Il s'agit là d'une petite révolution quand on sait que sur la période 2003-2012, 73% des associations financées par l'Acsé n'avaient pas signé de CPO, ni avec l'Acsé, ni avec aucun autre partenaire (6% en avaient signé mais uniquement avec l'Acsé, 10% avec l'Acsé et d'autres partenaires, 11% avec des partenaires mais pas avec l'Acsé), selon une enquête réalisée par le Crédoc en avril 2013 auprès des 6.383 associations financées par l'Agence en 2012 au titre de la politique de la ville (voir les résultats de l'enquête publiés en septembre 2013 ci-contre).
Dans le cadre de cette enquête, il apparaissait sans surprise que la principale difficulté des associations était d'ordre financière : 64% citaient la diminution des subventions publiques en premier lieu. Venaient ensuite le manque de visibilité sur les perspectives à moyen ou long terme de l'association (28%) puis le poids croissant des contrôles ou contraintes imposés par les pouvoirs publics (23%). C'est sur ces deux derniers points que l'expérimentation pourrait jouer.

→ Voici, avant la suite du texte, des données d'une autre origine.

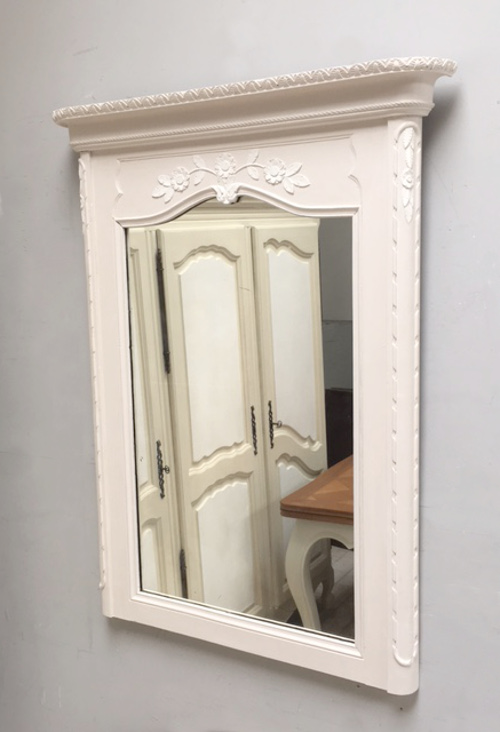 old tall french mirror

L'Etat ne peut pas tout, mais vous pouvez compter sur l'Etat

Quelques jours auparavant l'annonce officielle de cette expérimentation, le ministre avait adressé un courrier "aux acteurs associatifs de la politique de la ville", dans lequel il leur disait combien leur engagement et leur action étaient "déterminants pour garantir le respect des valeurs républicaines sur l'ensemble des territoires" et cela d'autant plus "dans un moment où les discours xénophobes, racistes ou antisémites ressurgissent" et où l'action de l'Etat ne suffira pas. Le ministre délégué à la Politique de la ville écrit exactement : "L'Etat est et sera très ferme contre les auteurs de ces actes. Mais cela ne suffira pas. Il faut également mener la bataille de l'éducation, de l'intelligence et de la raison."
Dans sa missive, il a également précisé : "J'ai demandé aux préfets et aux services territoriaux de l'Etat placés sous leur autorité, d'être particulièrement attentifs aux sollicitations que vous pourriez formuler pour mener les actions nécessaires."
Toujours selon l'enquête du Crédoc, 37% des actions financées en 2012 par l'Acsé avaient pour thématique le lien social, la citoyenneté et la participation à la vie publique. Soit, pour cette année-là, 4.900 actions financées à hauteur de 25 millions sur un total de 89 millions d'euros déboursés par l'Acsé, c'est-à-dire 27 % de son budget.

Valérie Liquet

(*) Il y avait aussi Marylise Lebranchu, ministre de la Réforme de l'Etat, de la Décentralisation et de la Fonction publique, Valérie Fourneyron, ministre des Sports, de la Jeunesse, de l'Education populaire et de la Vie associative, et Benoît Hamon, ministre délégué chargé de l'Economie sociale et solidaire et de la Consommation, Michèle Delaunay, ministre déléguée auprès de la ministre des Affaires sociales et de la Santé, chargée des Personnes âgées et de l'Autonomie.